Лика заметалась и наделала множество ошибок. Поняв, что еще немного, и она потеряет репутацию девушки на выданье, она продала кое-что из украшений и поехала на Лазурный берег. Об отдыхе не было и речи. Каждый день — борьба за привлечение внимания к своей особе как можно большего числа мужчин.

Однажды в городке, расположенном неподалеку от Ниццы, Лика зашла в кафе выпить воды и познакомилась с местным антикваром, мужчиной лет шестидесяти. Они разговорились. Лика выдала ему весь свой запас знаний о живописи и скульптуре. Пьер был поражен. Лика лучше него говорила по-английски, что тоже вызвало его восхищение. Он пригласил ее заглянуть в свой бутик. Лика подумала и согласилась.

Бутик располагался на первом этаже собственного трехэтажного дома Пьера. Войдя, Лика чихнула.

— Пыльно, — заметила она.

— О, это пыль веков, — уважительно проговорил Пьер.

Лика обвела взглядом хлам, как мысленно она назвала весь этот антиквариат, и опять чихнула.

— Вы не представляете, как мне повезло! Совсем недавно я купил несколько старинных китайских вещиц, очень недорого. Я вам их сейчас покажу, — с загоревшимися глазами сказал Пьер.

Он на минуту скрылся в соседней комнате и вернулся с двумя красными палками, на которых были прибиты дощечки размером 20x30 см, с полустертыми иероглифами.

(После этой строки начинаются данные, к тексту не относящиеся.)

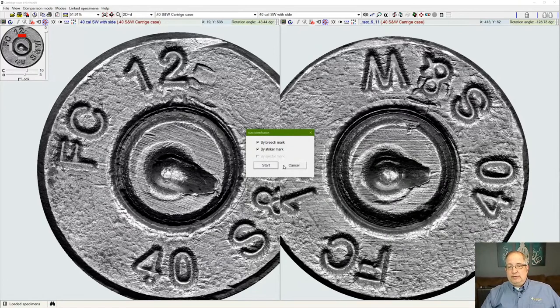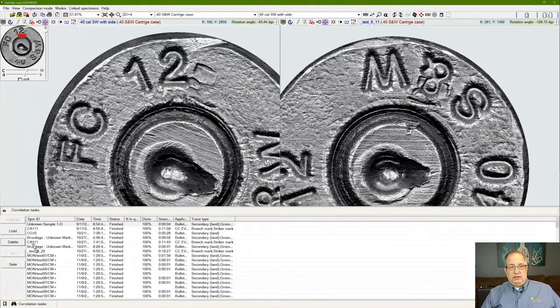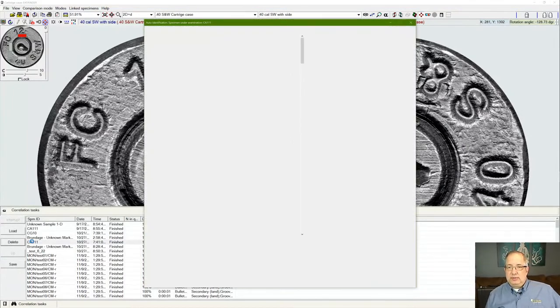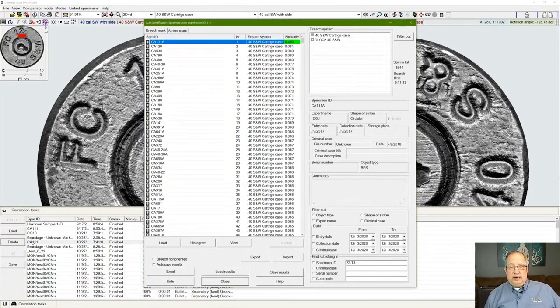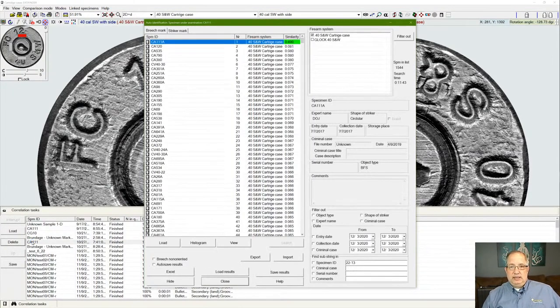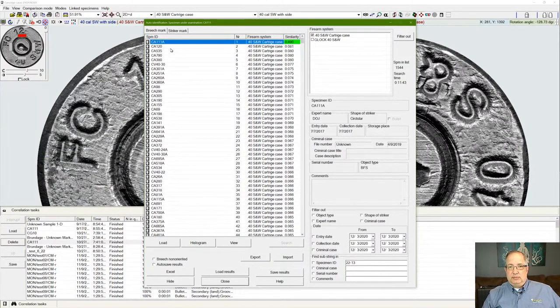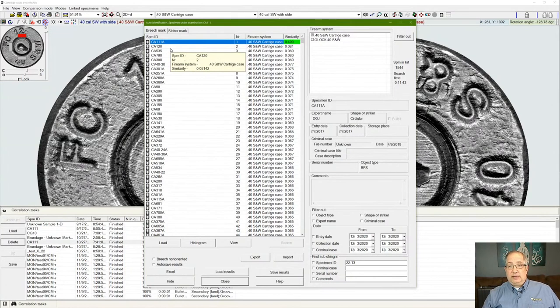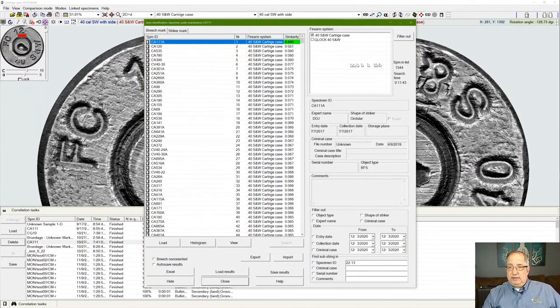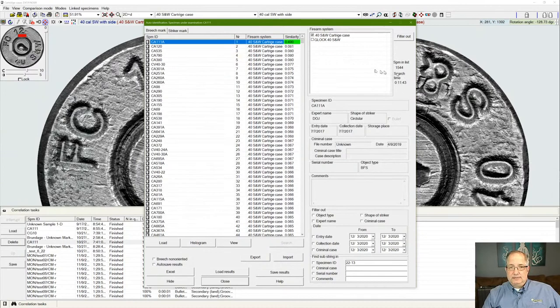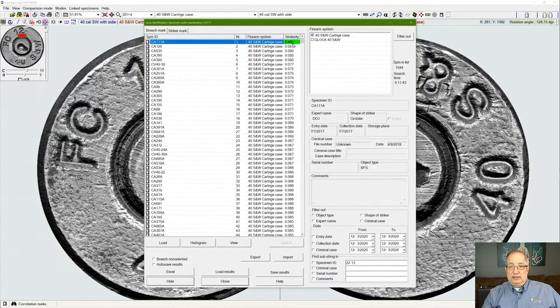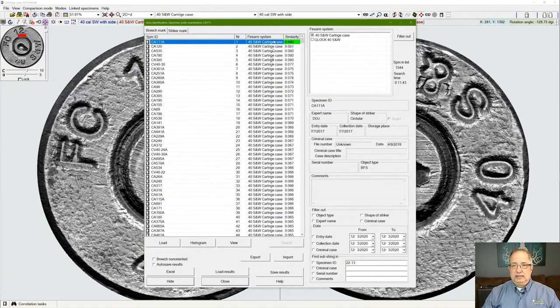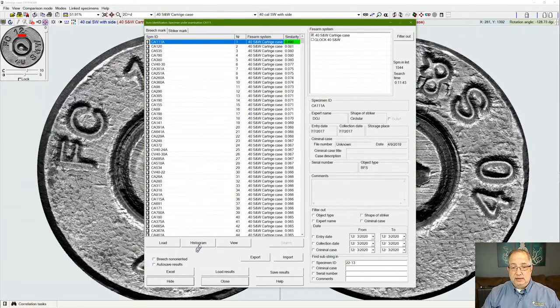When we run one of these searches, the software can run in the background to determine a ranking of all the samples in the defined list and give us an ordered ranking of similarity of all the samples in that test. Now in this case, we're looking at a previously run search of .40 caliber Smith & Wesson cartridge cases where we had over 1,500 samples in the list. We've ranked them by similarity, and we have one outlier statistically that has some difference from all the others in that sample set.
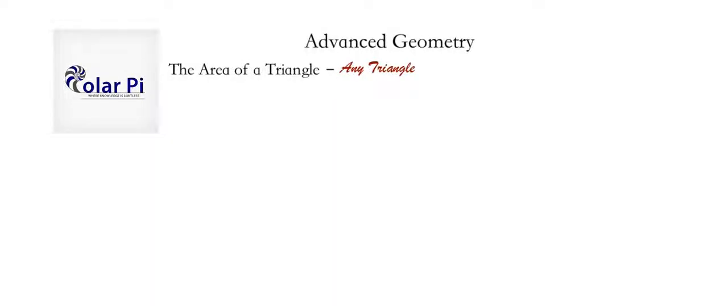Hey guys, welcome. So in a different video, I proved that the area of a right triangle is equal to one half times the product of the length of the two legs of the right triangle.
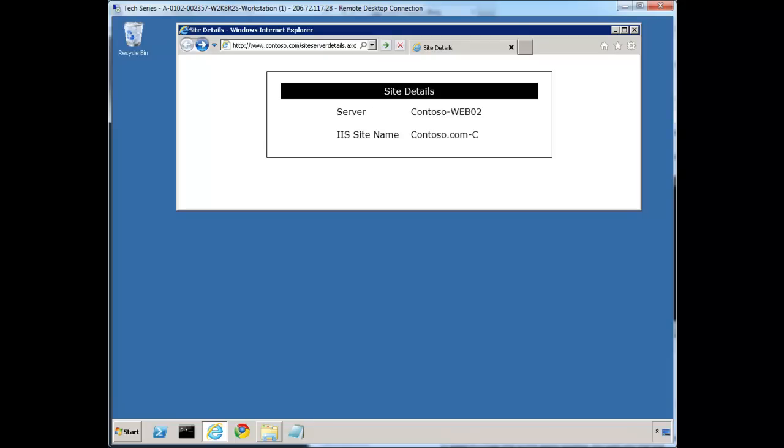Hello and welcome to part 13 of this 52-week series on what every web administrator needs to know to be successful in this space. My name is Scott Forsyth and today I'm covering a couple tips and a tool for managing web farms. If you develop for or manage a web farm, you probably already know how useful it is to know which server your site is being served from.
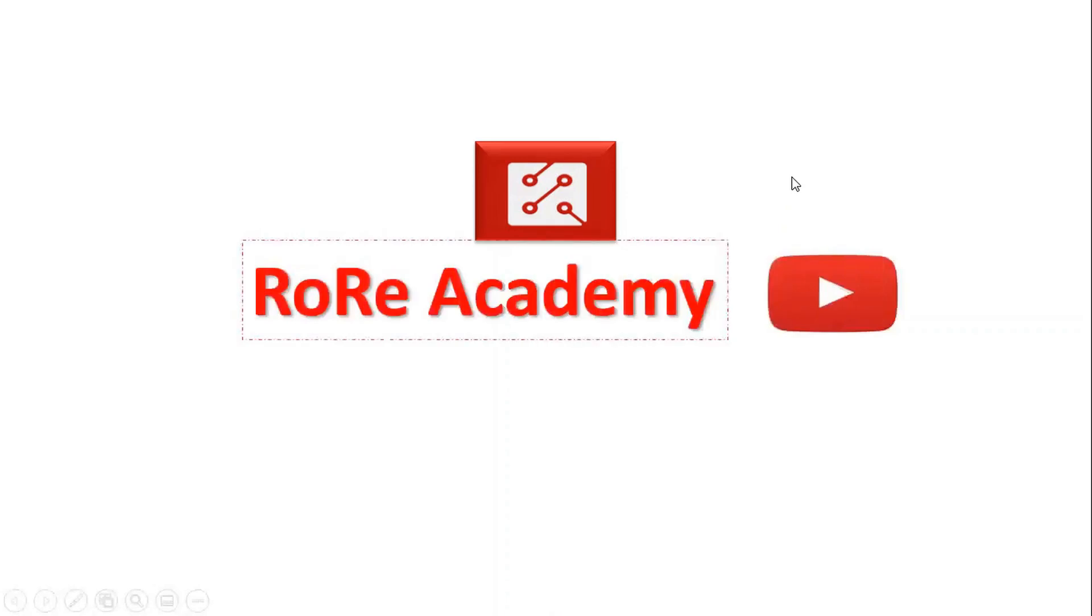Welcome to the Rory Academy YouTube channel, where we present information that helps you improve your understanding and knowledge about power electronics technology and its emerging applications.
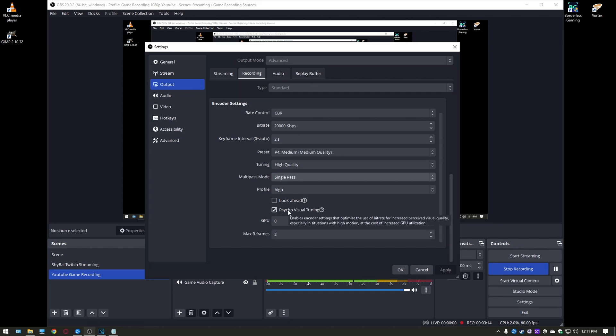Psycho visual tuning make sure this is checked on because this is going to help you greatly. It's going to tax your GPU a little bit more with the encoding but it's going to help with high movement situations and like FPS games and stuff like that it's definitely worth turning this on for your recordings.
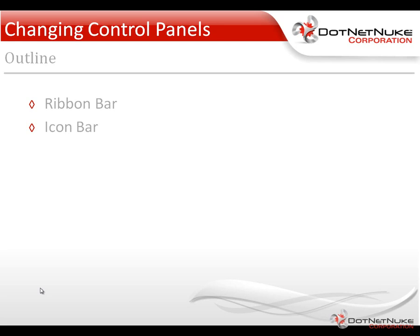In a previous video, we actually went through and demonstrated and discussed the various features of the ribbon bar control panel. But in this video, I'll show you how to switch between the ribbon bar and the icon bar control panels.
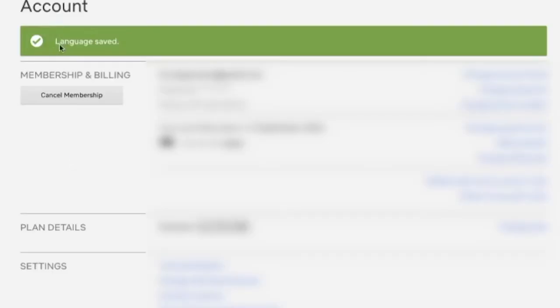Like so, now you see language saved. So that's how you can change your language on Netflix in 2020. I hope this helped.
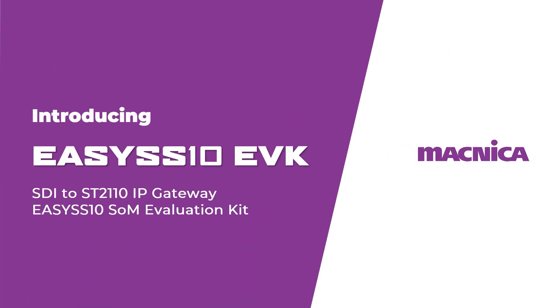Hello, and welcome to our short introduction to the EZ-10 EVK, or Evaluation Kit.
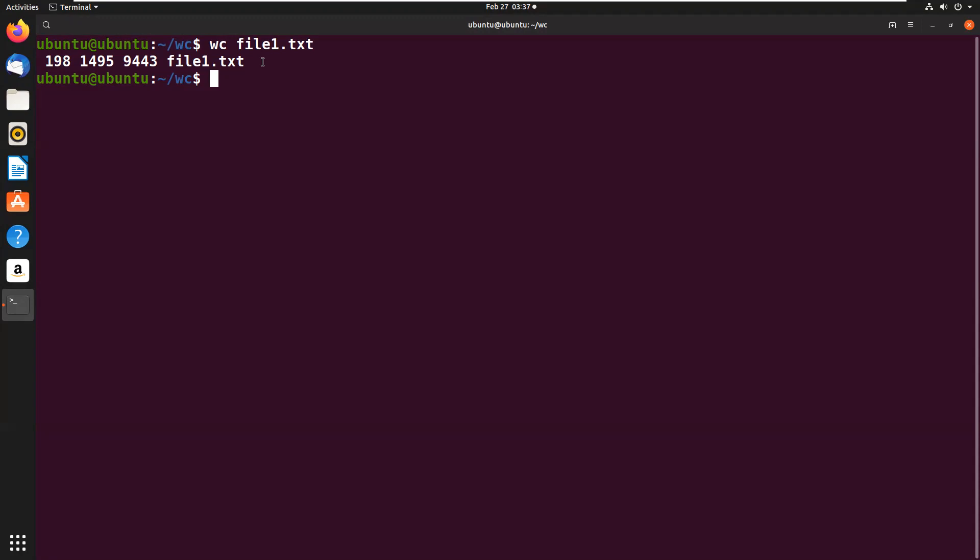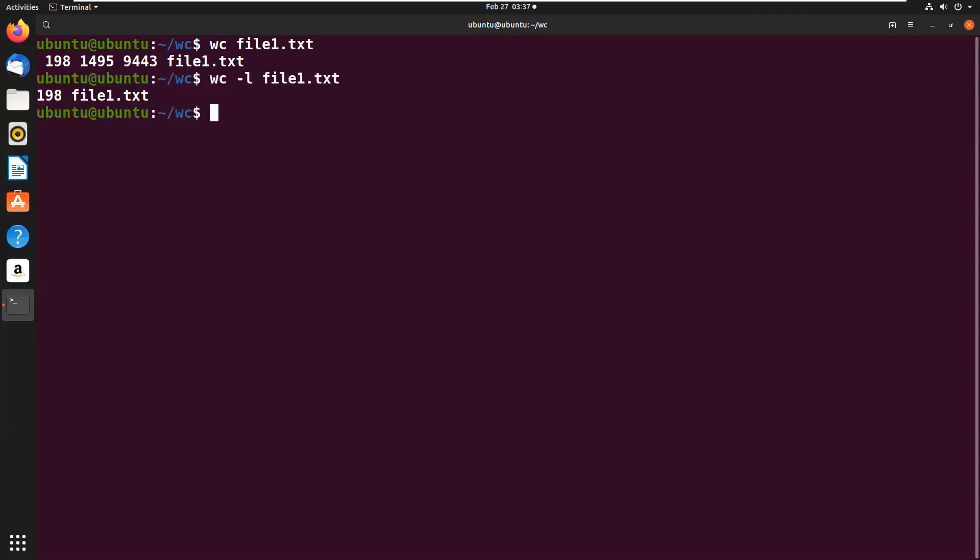This command we saw without options. Now with options, we'll see WC -l file1.txt. Here -l is nothing but number of lines, so 198 lines are present in this file.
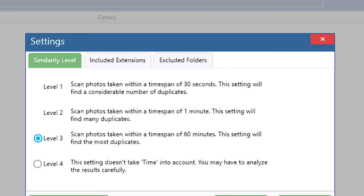Level 3 would scan pictures which are captured by a camera within one hour. This is the recommended level for most users.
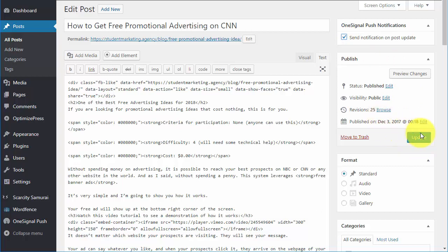And if you happen to click the update button more than once in the same day and this is checked, have no fear, the people on the list will not receive a second message. If they've already received it once that day, they won't receive it again.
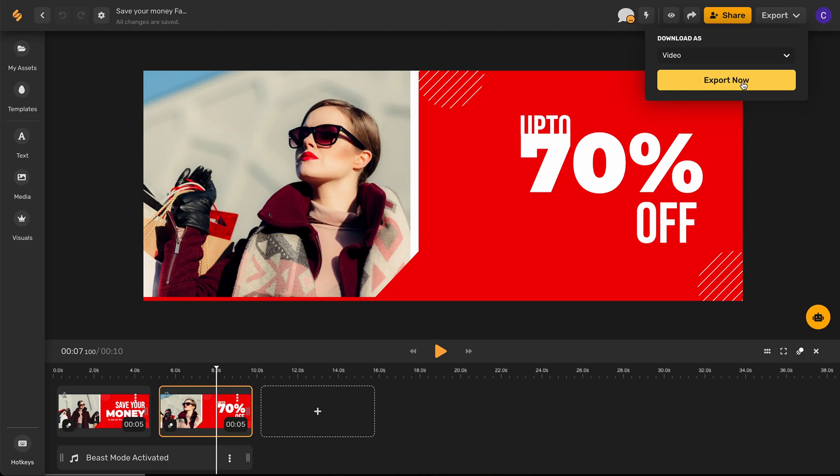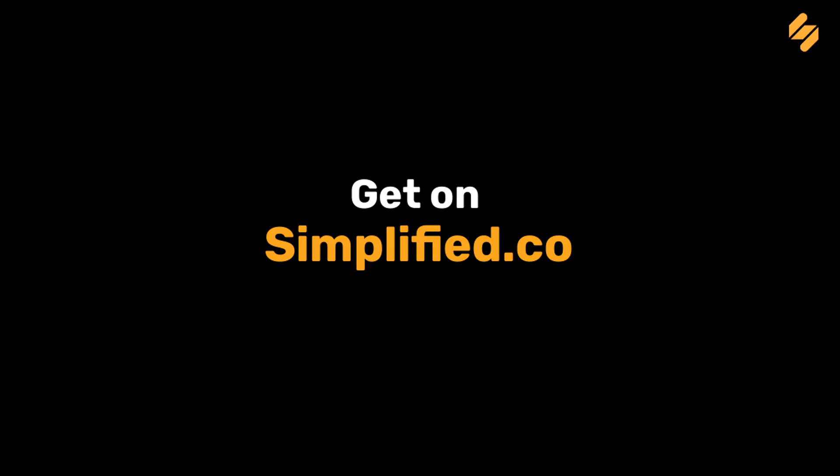And there you go. Elevating your visuals with amazing audio using our quick and easy design tools is simple with Simplified. Check out our other videos to see how Simplified's design tools can help you every step of the way. See you there!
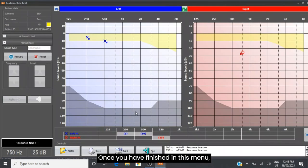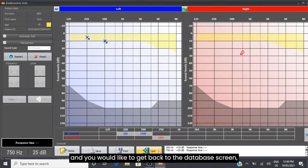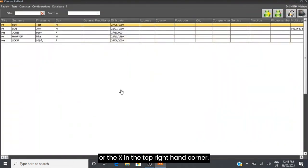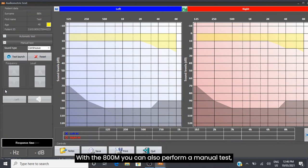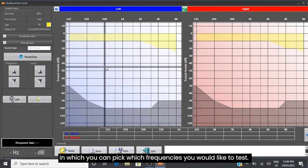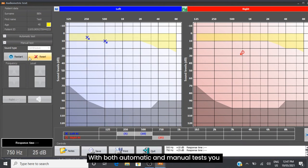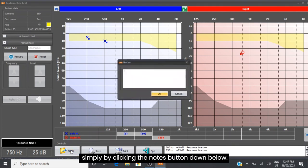Once you have finished in this menu and would like to get back to the database screen, you can hit the Quit button located at the bottom or the X in the top right corner. With the 800M, you can also perform a manual test where you can pick which frequencies you would like to test. With both automatic and manual tests, you can add notes about the patient by clicking the Notes button down below.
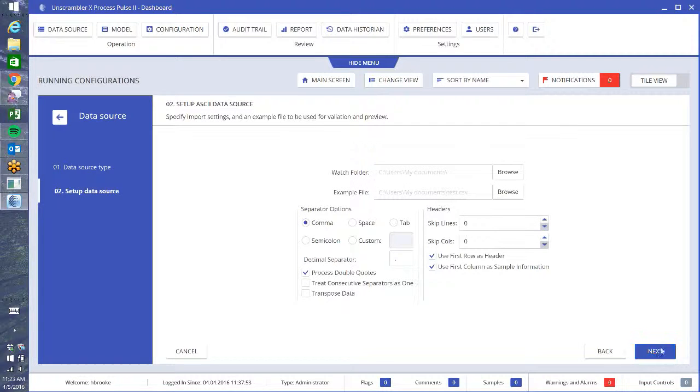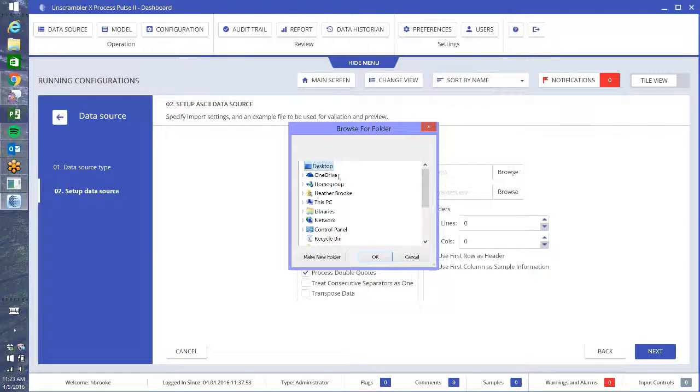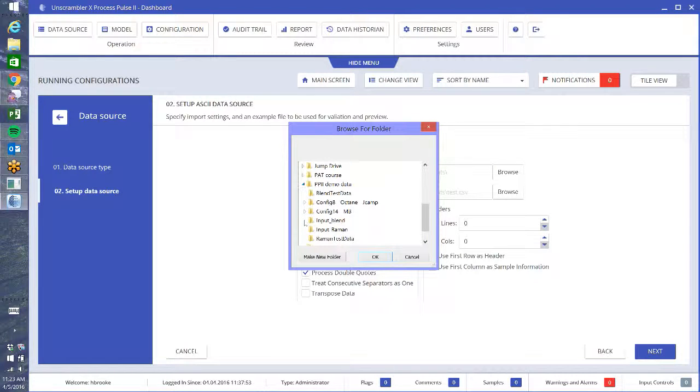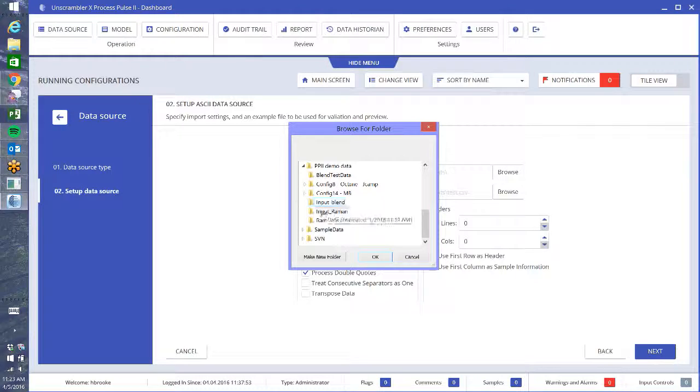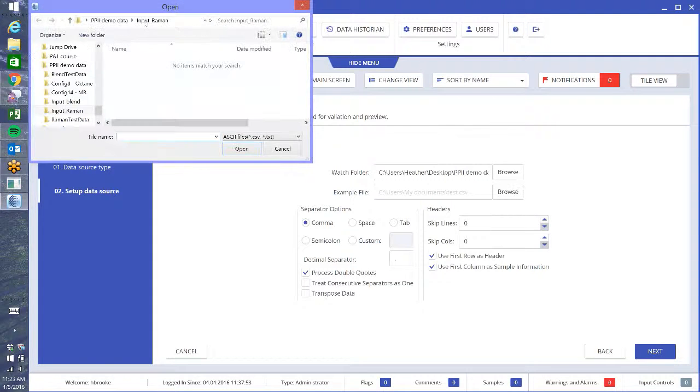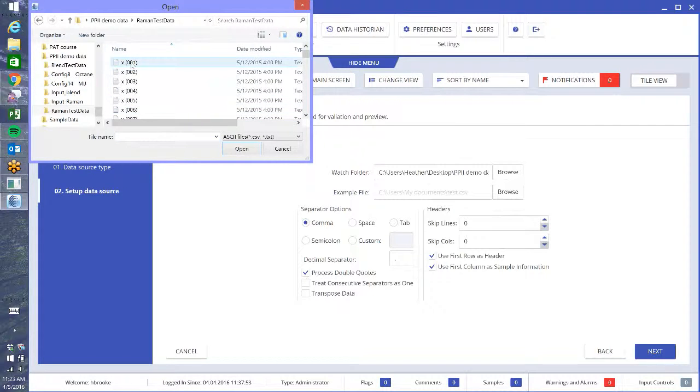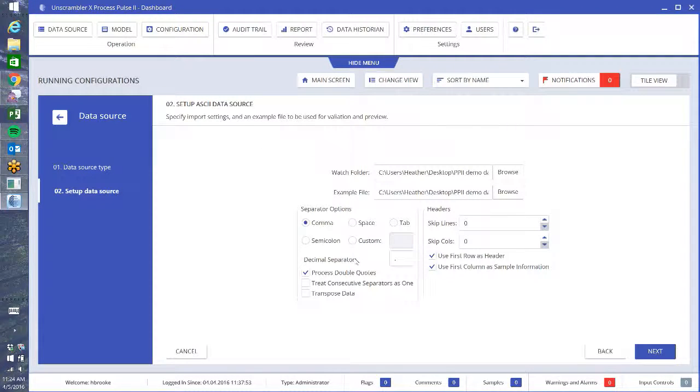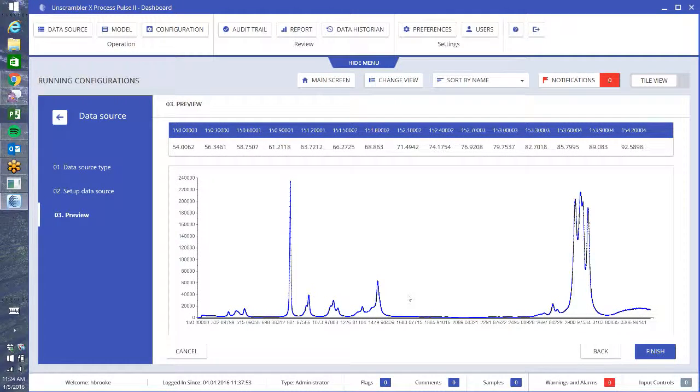Here I have all my options. When you use ASCII, you're actually looking at a watch folder, so I'm going to browse to where I am going to save my files. So demo data, I'm going to do input Raman. This is where Process Pulse is going to look for new files coming in. I just need to go up one and what we need to do is give it an example file. This is just so you can check and make sure that all of your settings are done correctly. I press next, and this is my preview. This is some spectroscopic data, it's Raman data, and it looks like what I'm expecting.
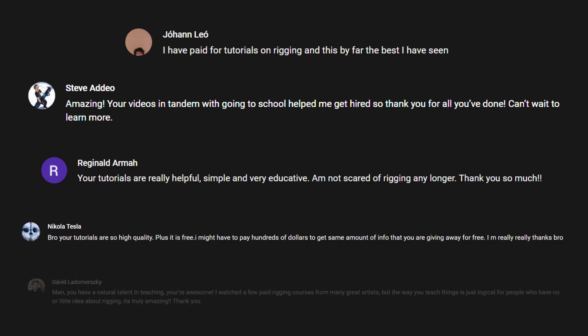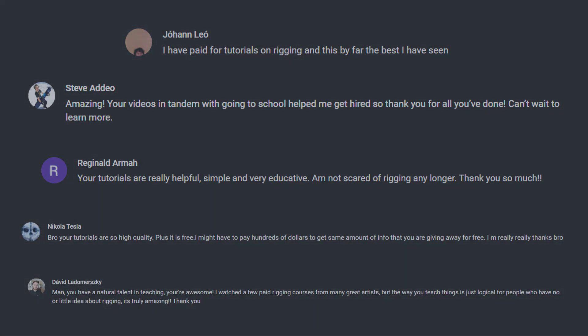So what are you waiting for? Head over to AntCGI's YouTube channel or his web page and start learning today. What have you got to lose?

— Вот! — он с гордостью поднял их над головой. При этом одна дощечка оторвалась и упала ему на голову. — Отвалилась! — воскликнул он, потирая ушибленное место. — Но я отреставрирую. Весь курьез в том, что владелец не знал предназначения этих штук. Он полагал, что это театральный реквизит. А мне представляется, что их несли перед мандарином во время его торжественного выхода. Как вы считаете? — Лика состроила задумчивую гримасу, которая должна была означать: «Очень может быть». — Ах, да! У меня еще есть костюм мандарина. Девятнадцатый век! — хвастливо возвысил голос Пьер, перебирая рамы, стоящие у одной из стен. — Вот, смотрите, — он приподнял холст, к которому был прикреплен костюм китайского мандарина.

Лика понимала, что надо что-то сказать.

— Какой… красивый… Только грязный, — все же не выдержала она. — Видимо, мандарин был не очень опрятным. Его бы постирать!

— Что вы! Он же рассыплется!

— Ах, как же я не подумала, — спохватилась Лика.

— А теперь пройдемте в дом, — предложил Пьер.

Опираясь на руку хозяина, Лика поднялась на второй этаж и очутилась… все в той же лавке старьевщика. По стенам было развешано штук сорок сабель, под стеклянным колпаком стоял безголовый манекен в каком-то дурацком платье с короткой, торчащей юбкой.

— Это костюм Периколы! — словоохотливо объяснял Пьер. — Ну вы знаете, есть такая оперетта Оффенбаха. Я купил его на распродаже в театре. Миленький какой! — вырвался у него возглас умиления. — А теперь, пардон, но я хотел бы, чтобы вы заглянули в мою спальню. Я так понимаю, что все, о чем я говорю, вам интересно.

— Очень, — кивнула Лика, думая, как бы поскорее убраться из этой кладовки. Она перехватила взгляд Пьера и чуть покраснела. Ей показалось, что он проник в ее мысли. Желая поправить положение, она произнесла: — Я очень люблю старинные вещи. Они несут в себе дух веков!.. Когда мы прикасаемся к ним, вдыхаем их аромат, наше подсознание переносится в прошлое…

— Поразительно! — от полноты души воскликнул Пьер и даже отступил назад, чтобы получше разглядеть Лику. — Вы первая отозвались так красиво и возвышенно о моем увлечении. Моя бывшая супруга не разделяла мою страсть к антиквариату. Приземленная натура.

Ей бы побольше воздуха и простора в квартире. Выезжай на природу и дыши, вы со мной согласны? — испытующе глядя на Лику, спросил он. Она, сдвинув брови, кивнула. — А дома должна быть атмосфера веков, — говорил Пьер, открывая дверь спальни.